START SOURCE DATA

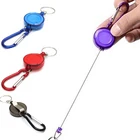 1 шт. для мужчин женщин ключ держатель Органайзер чехол Ключи сумка унисекс брелок бумажник ключница ключ чехол мини-сумка для карт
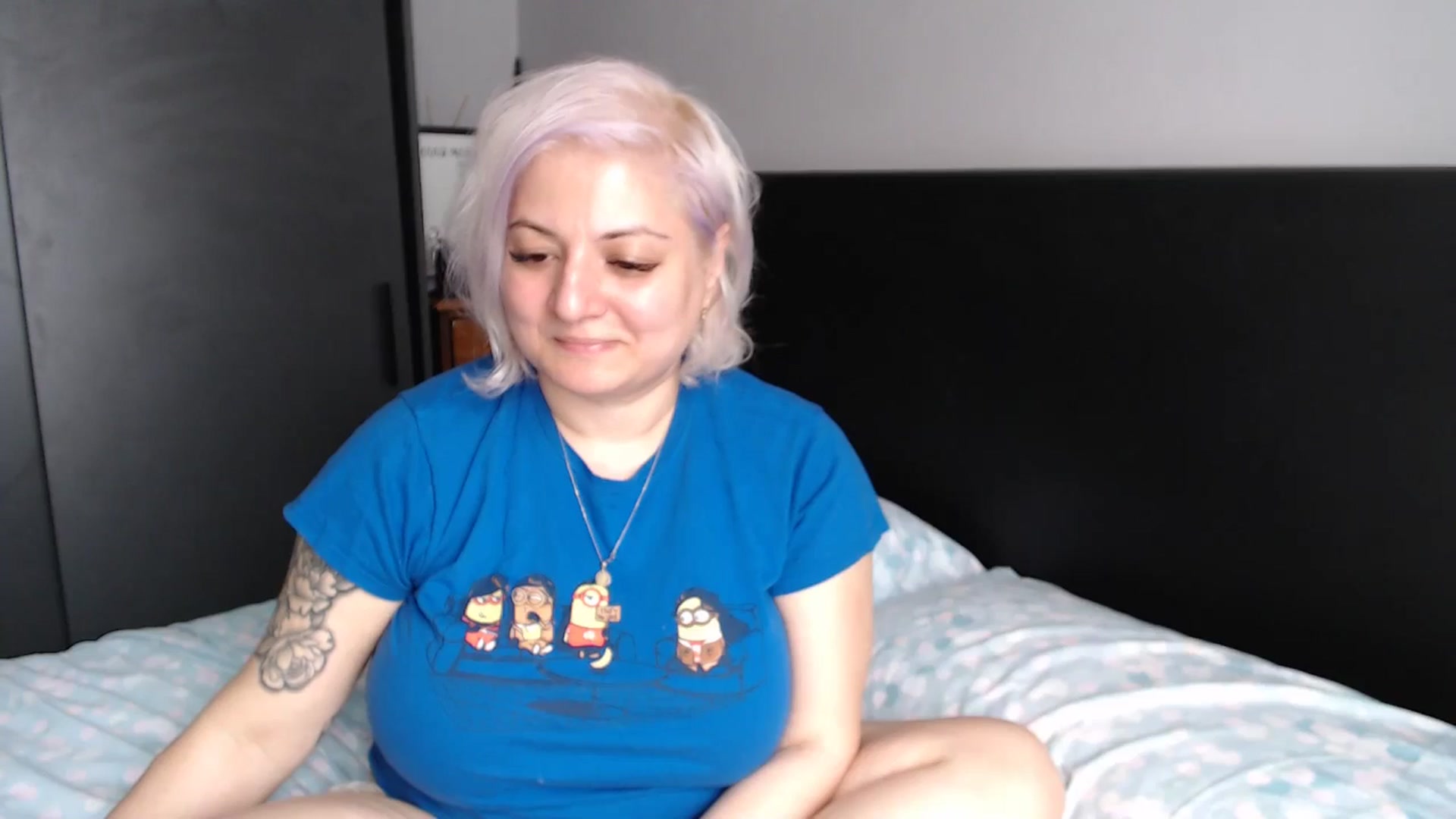 Gallery image thumbnail from boobarella88's myfreecams stream on, 04/16/2026, 10:34 image 16 of 20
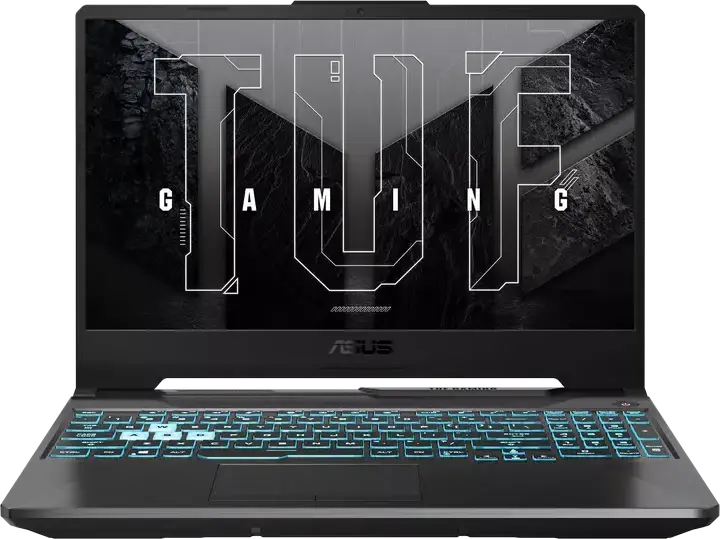 Laptop Gaming 15,6" ASUS TUF Gaming A15 FA506NCQ, Graphite Black, AMD Ryzen 7 170, 16GB/512GB, Fără SO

END SOURCE DATA

YOUR ASSIGNMENT:
Leaving out all pictures, repeat word for word the lines from the one containing "Gallery image thumbnail" through the final line of the material above.

REPLY TO THE TASK:
 Gallery image thumbnail from boobarella88's myfreecams stream on, 04/16/2026, 10:34 image 16 of 20
 Laptop Gaming 15,6" ASUS TUF Gaming A15 FA506NCQ, Graphite Black, AMD Ryzen 7 170, 16GB/512GB, Fără SO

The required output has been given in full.